**** Input data ****

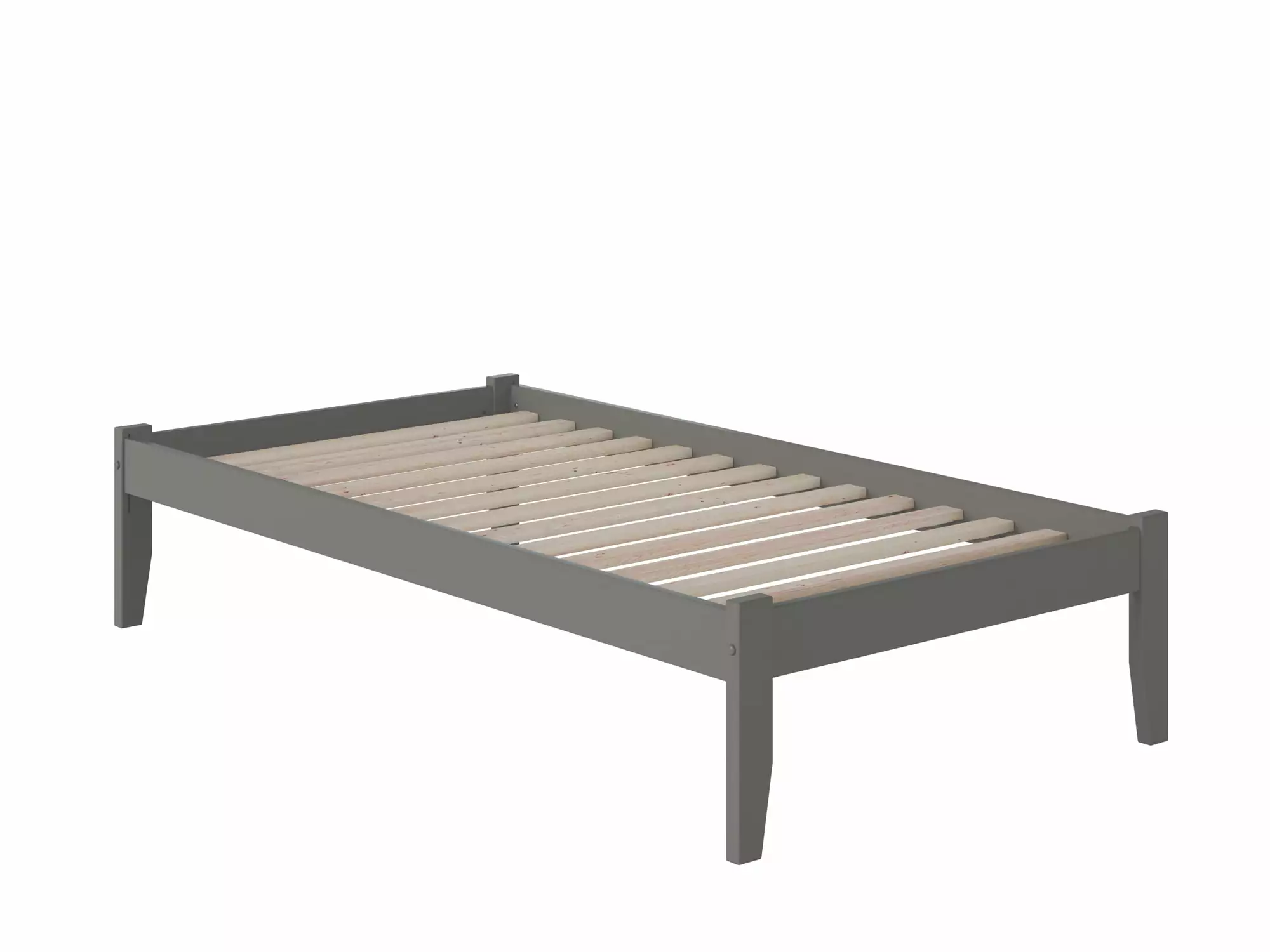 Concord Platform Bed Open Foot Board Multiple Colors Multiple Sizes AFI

****
**** Input data ****

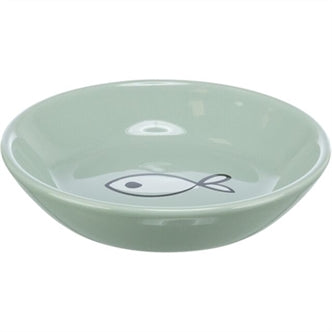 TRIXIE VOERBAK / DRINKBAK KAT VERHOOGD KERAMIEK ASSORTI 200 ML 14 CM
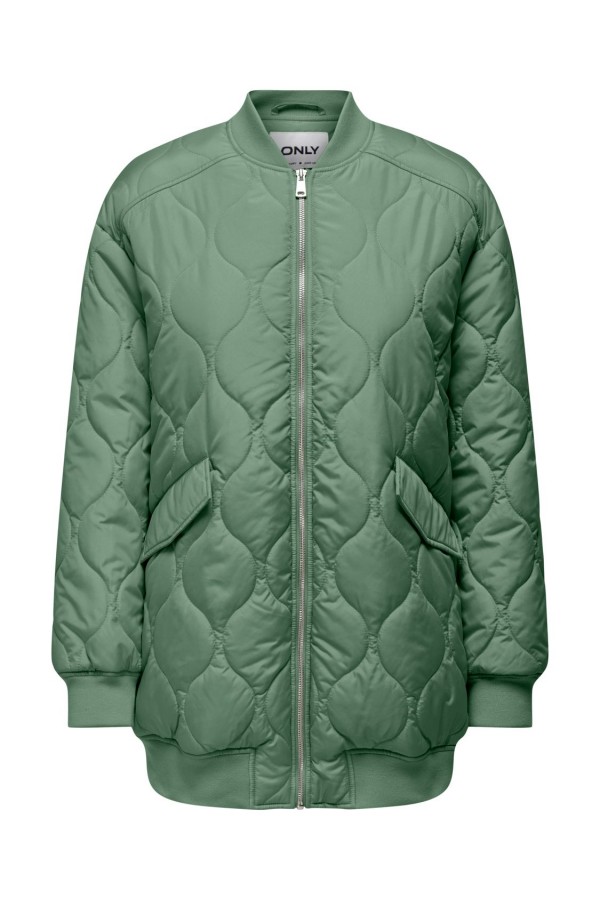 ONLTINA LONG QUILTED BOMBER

****

Work order → Going by the entries above, repeat exactly the lines that start at the line with "TRIXIE VOERBAK /" and go on through the line with "ONLTINA LONG QUILTED BOMBER". Pictures are not part of the copy.

Written answer →
 TRIXIE VOERBAK / DRINKBAK KAT VERHOOGD KERAMIEK ASSORTI 200 ML 14 CM
 ONLTINA LONG QUILTED BOMBER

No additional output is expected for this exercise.